Optional arguments related to the EMBL format:

Parameter	Description
-a , --accession	Bolean. Accession number(s) for the entry. Default value: XXX. The proper value is automatically filled up by ENA during the submission by a unique accession number they will assign. The accession number is used to set up the AC line and the first token of the ID line as well. Please visit this page and this one to learn more about it. Activating the option will set the Accession number with the fasta sequence identifier.
-c , --created	Creation time of the original entry. The default value is the date of the day.
-d , --data_class	Data class of the sample. Default value 'XXX'. This option is used to set up the 5th token of the ID line.
-g , --organelle	Sample organelle. No default value.
-k , --keyword	Keywords for the entry. No default value.
-l , --classification	Organism classification e.g 'Eukaryota; Opisthokonta; Metazoa'. The default value is the classification found in the NCBI taxonomy DB from the species/taxid given as --species parameter. If none is found, 'Life' will be the default value.
-x , --taxonomy	Source taxonomy. Default value 'XXX'. This option is used to set the taxonomic division within ID line (6th token).
--de	Description. Default value 'XXX'.
--ra , --author	Author for the reference. No default value.
--rc	Reference Comment. No default value.
--rg	Reference Group, the working groups/consortia that produced the record. Default value 'XXX'.
--rl	Reference publishing location. No default value.
--rt	Reference Title. No default value.
--rx	Reference cross-reference. No default value.
--email	Email used to fetch information from NCBI taxonomy database.
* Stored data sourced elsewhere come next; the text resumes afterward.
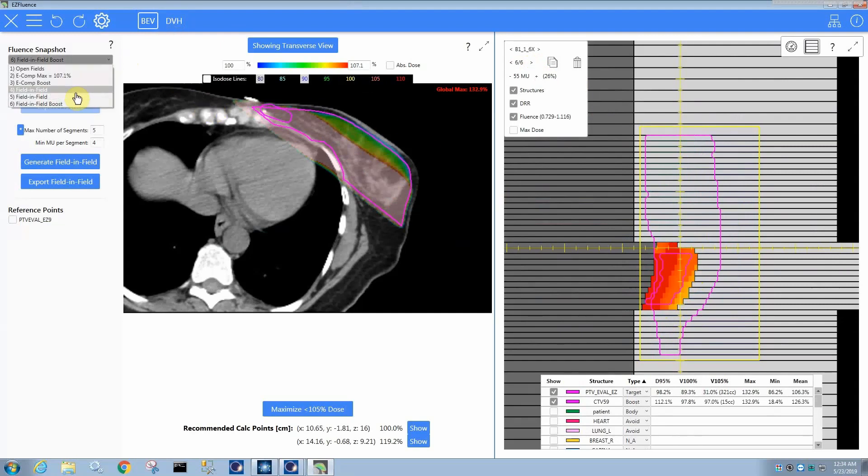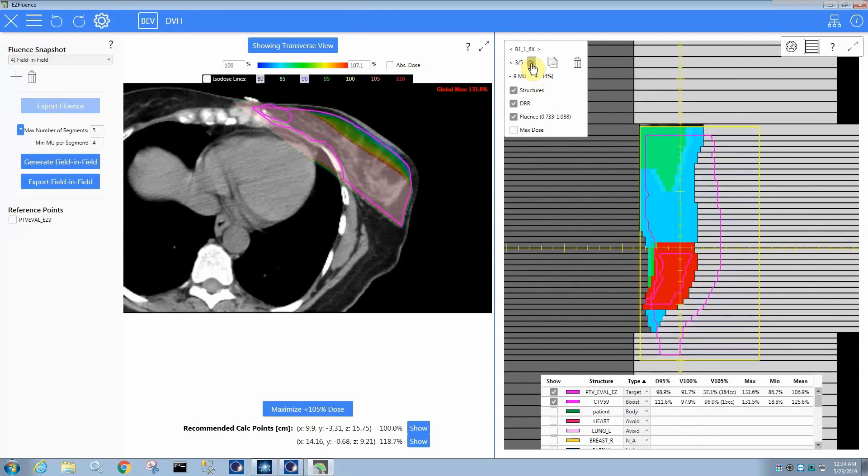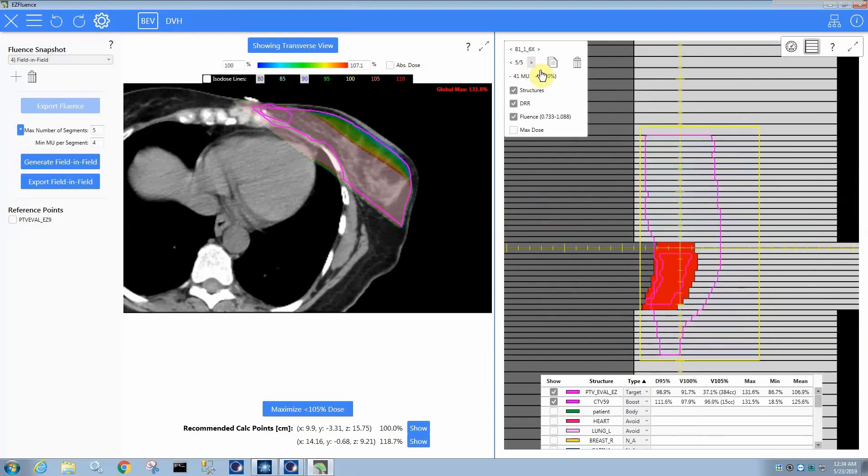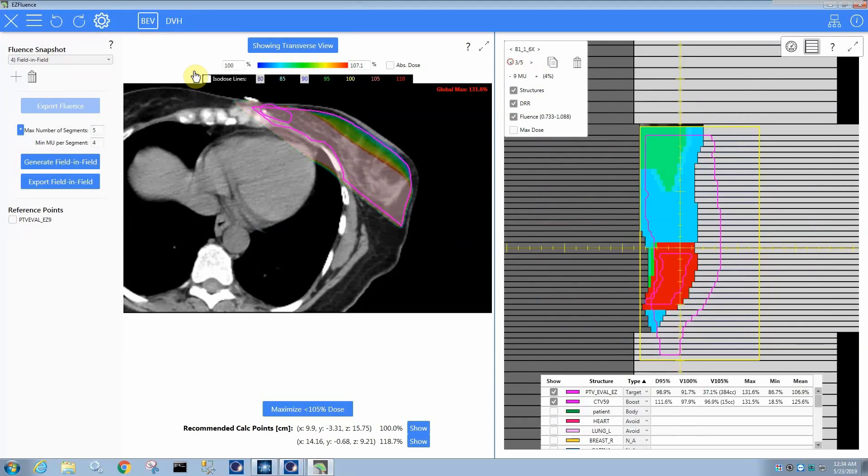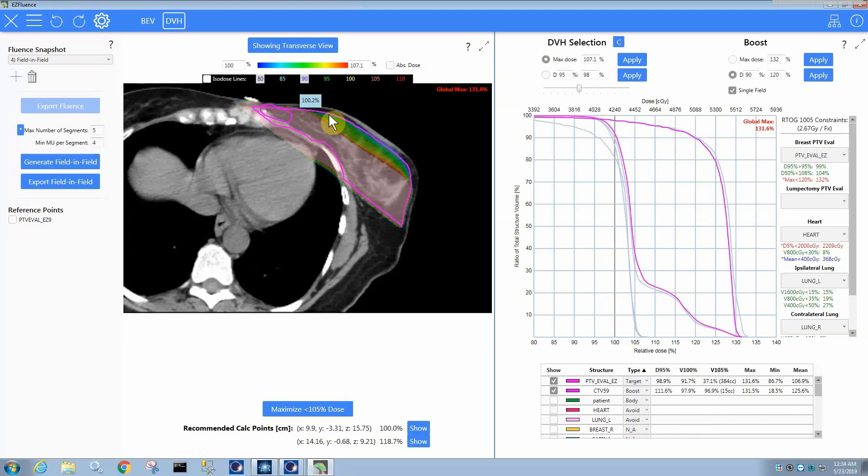So, yeah, slight difference. I don't know. It might actually be better to have done the field and field in this way. You have one less subfield potentially, but maybe that's not quite as good of a dose distribution. So, in any case, the point is that you have a couple options of how you can do your boost for field and field. You can either do the e-comp boost and then sequence or generate the field and field, or you can generate the field and field first and then do the boost and it will add a subfield. So, but essentially that's all there is to the boosting process.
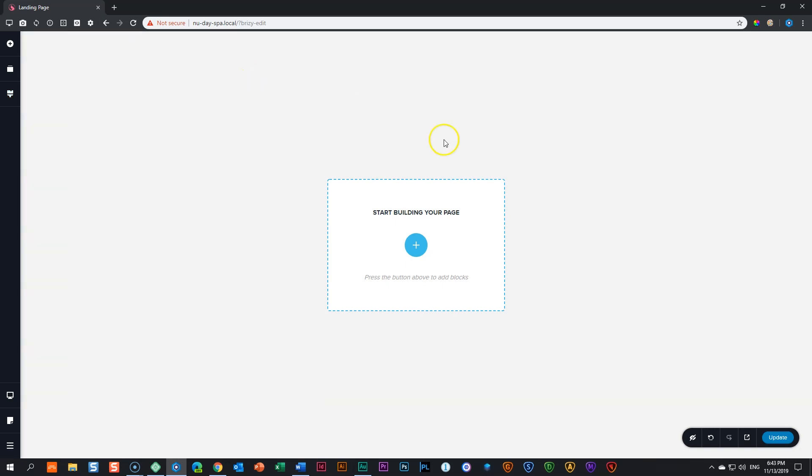I'm going to save my work. Go to the bottom right hand corner, click on update. And remember the shortcuts: Control Command S every time you want to update and save your work.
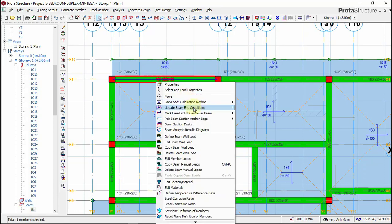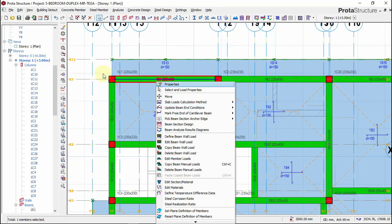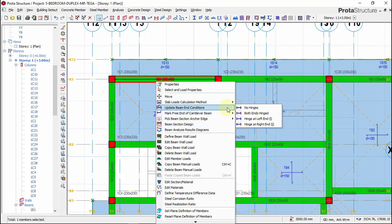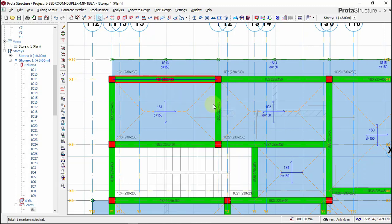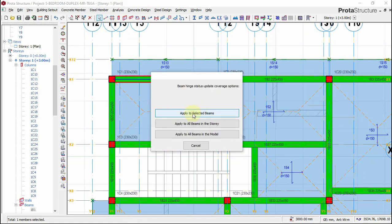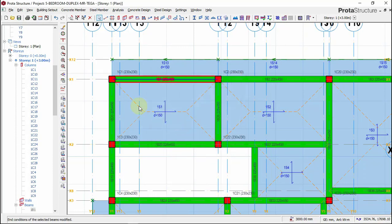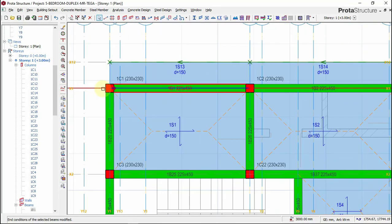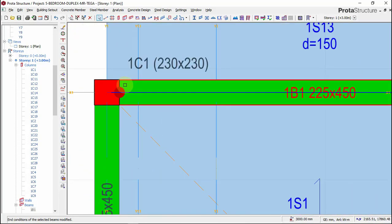I'll right-click the beam and select 'Update Beam End Condition.' The left end is where I want to apply the end condition, specifying that moment is zero there. I'll select 'Hinge at Left.' You will see the circle symbol, which shows that the moment at that place is zero — it's a hinge support. I'll click 'Apply to Selected Beams.' The moment at this end of the continuous beam is now zero.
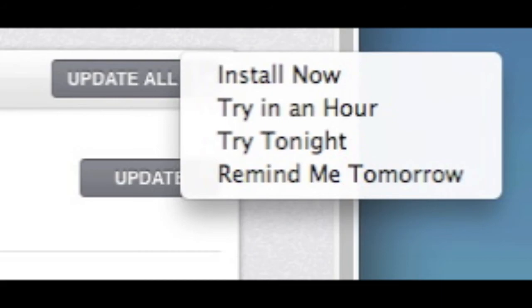Next is the ability to choose when something updates, app updates. So if you get the notification on your desktop, you can choose when you want them to update, as well as under the update all in the Mac App Store. You can choose if you want to install it now, in an hour, tonight, or remind me tomorrow. If you choose tonight, it's going to update between one and five in the morning, so when you come back to your computer, everything will be updated.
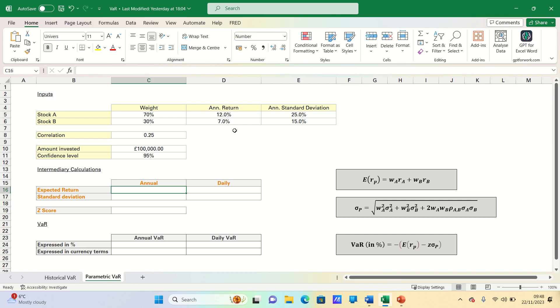We assume that we invest £100,000 in our portfolio and we want to estimate the VAR at a 95% confidence level, in other words a 5% VAR.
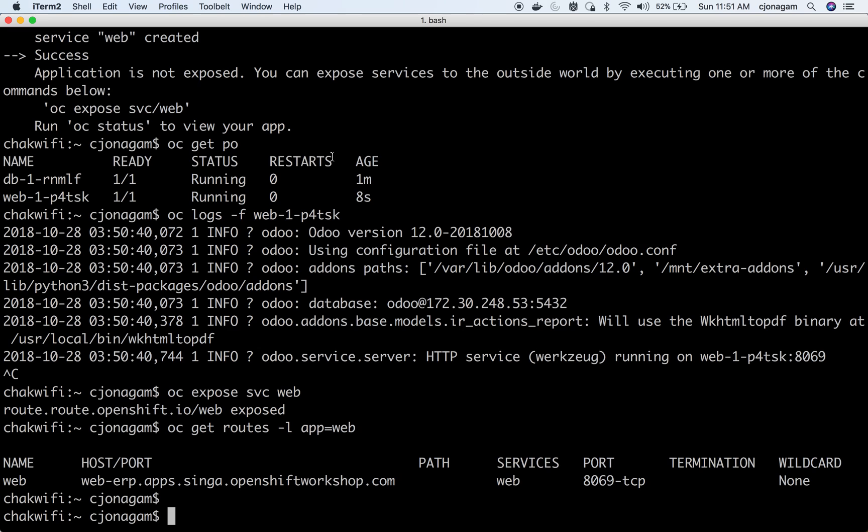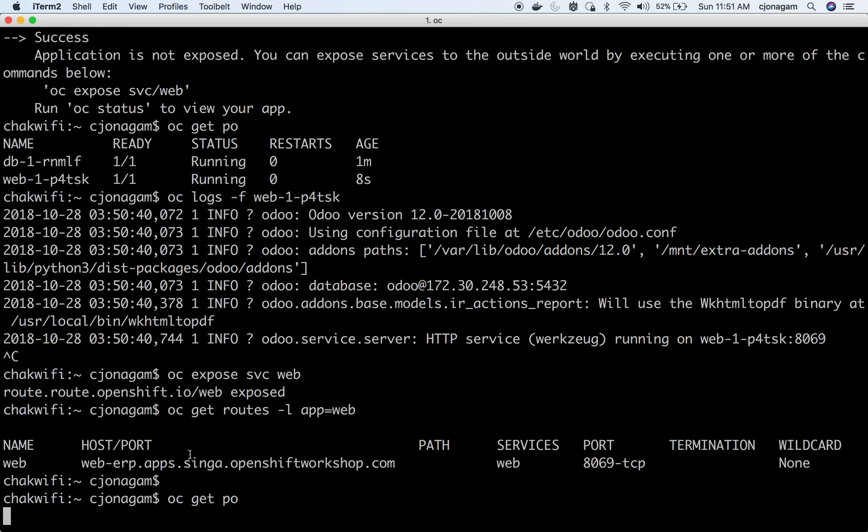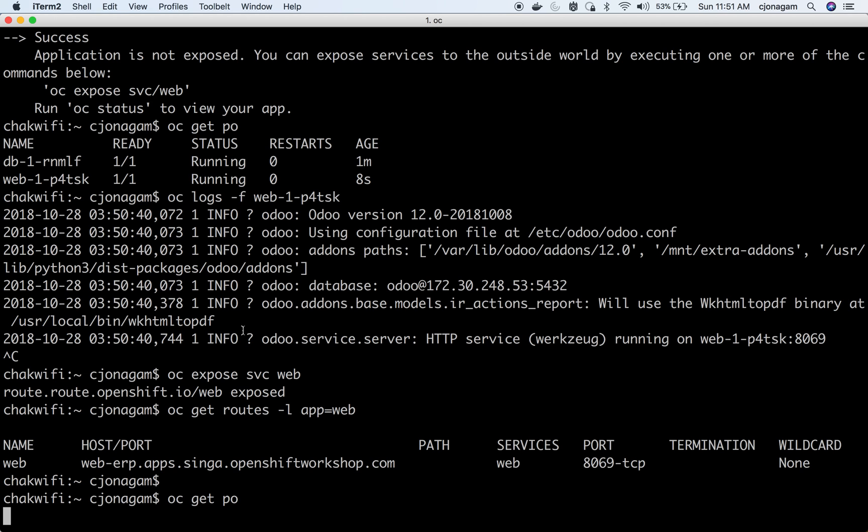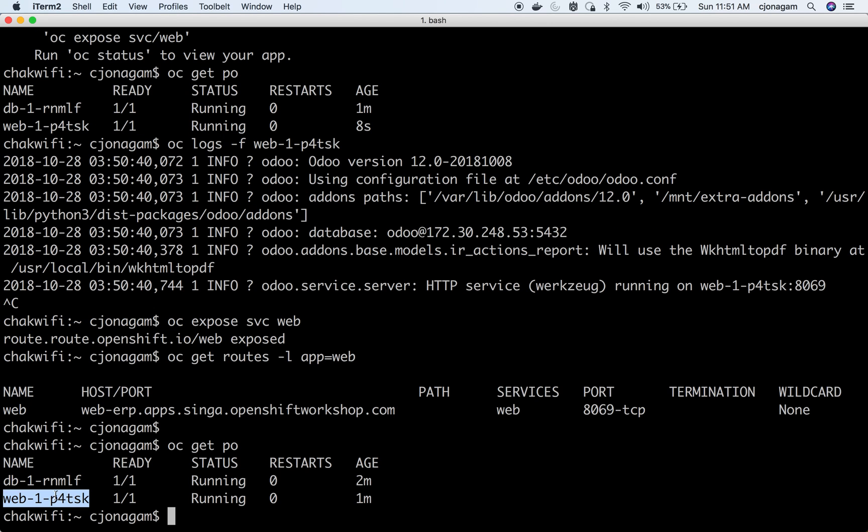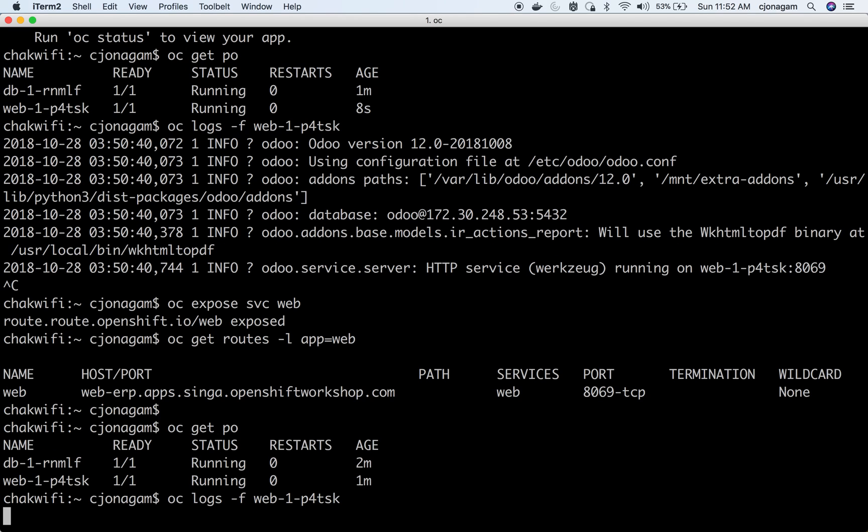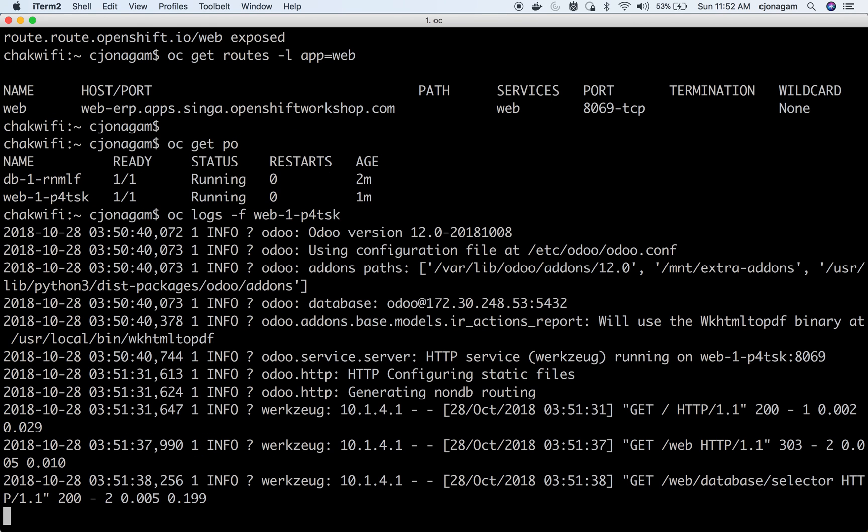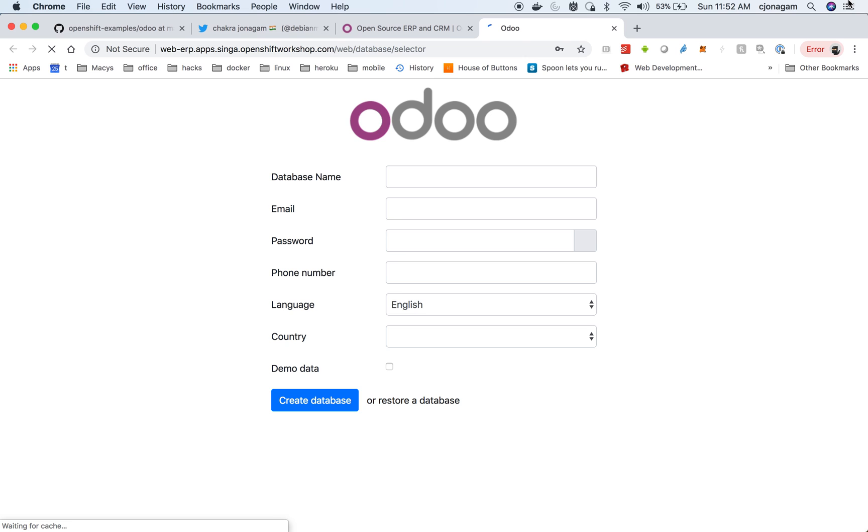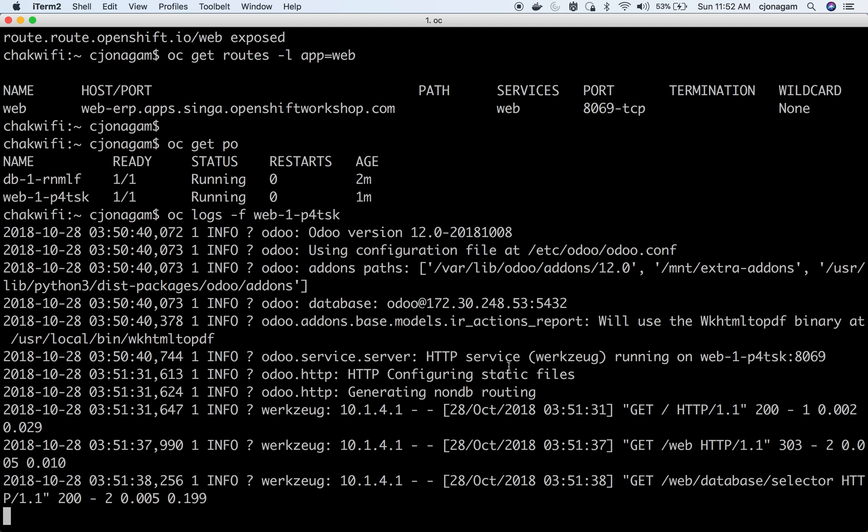Then this will load the Odoo ERP that is running on OpenShift. The first time it will take some time, it will install some tables. So that is why it takes some time to load. But once the tables are installed it should be quick. So if I do oc logs -f you can see a number of tables getting created. That is with the database initialization. It should be okay once I go through the screen it will get created.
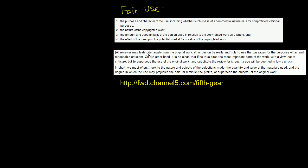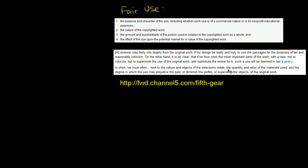Reviewer may fairly cite largely from the original work if his design be really and truly to use the passages for the purpose of fair and reasonable criticism. In this case, it's fair and reasonable math problem or physics problem. On the other hand, it is as clear that if he thus cites the most important parts of the work with the view not to criticize but to supersede the use of the original work and substitute the review for it, such a use will be deemed in law a piracy.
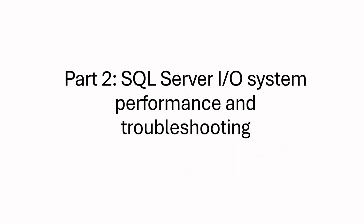Hello everyone, let's continue our session on SQL Server I/O system. In this part, I will focus on troubleshooting I/O issues in SQL Server specifically.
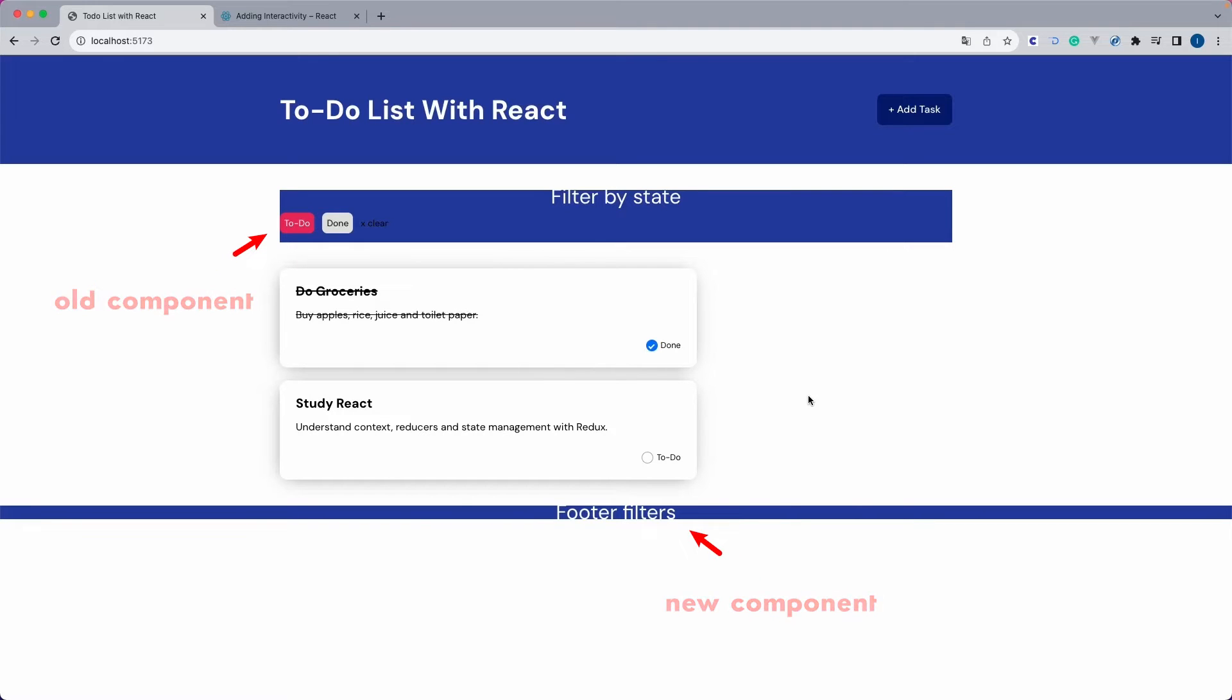This happened because I had already used a class called Filters for that component at the top.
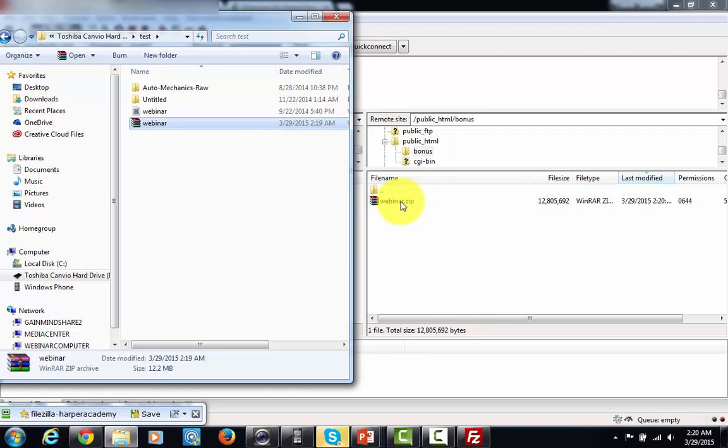And that is how you upload files to your hosting. So with that, thanks, and I will see you in another video.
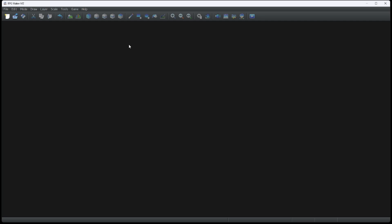To make a new project, click on the piece of paper on the top left or press Ctrl N. You can also use the File tab right here.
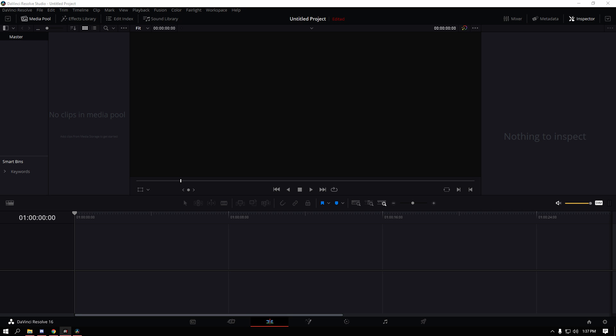Alright, so for this video I'm going to be showing you the absolute best way to upscale video in DaVinci Resolve.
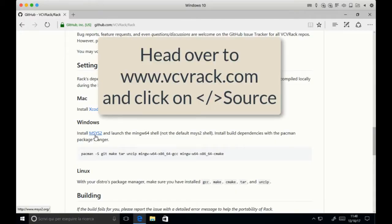Hello and welcome to my tutorial about compiling VCVRack from sources. We have a look at the exact instructions that come on the VCVRack website and Github repository.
Default value '[email protected]'.
--environmental_sample	Identifies sequences derived by direct molecular isolation from a bulk environmental DNA sample with no reliable identification of the source organism. May be needed when organism belongs to Bacteria.
--expose_translations	Copy feature and attribute mapping files to the working directory. They will be used as mapping files instead of the default internal JSON files. You may modify them as it suits you.
--force_unknown_features	Force to keep feature types not accepted by EMBL. /!\ Option not suitable for submission purpose.
--force_uncomplete_features	Force to keep features whithout all the mandatory qualifiers. /!\ Option not suitable for submission purpose.
--interleave_genes	Print gene features with interleaved mRNA and CDS features.
--isolate	Individual isolate from which the sequence was obtained. May be needed when organism belongs to Bacteria.
--isolation_source	Describes the physical, environmental and/or local geographical source of the biological sample from which the sequence was derived. Mandatory when environmental_sample option used.
--keep_duplicates	Do not remove duplicate features during the process. /!\ Option not suitable for submission purpose.
--keep_short_sequences	Do not remove short sequences (< 100bp) during the process. /!\ Option not suitable for submission purpose.
--locus_numbering_start	Start locus numbering with the provided value.
--no_progress	Hide conversion progress counter.
--no_wrap_qualifier	By default there is a line wrapping at 80 characters. The cut is at the world level. Activating this option will avoid the line-wrapping for the qualifiers.
--translate	Include translation in CDS features.
--use_attribute_value_as_locus_tag	Use the value of the defined attribute as locus_tag.
--version	Sequence version number. The default value is 1.
--strain	Strain from which sequence was obtained. May be needed when organism belongs to Bacteria.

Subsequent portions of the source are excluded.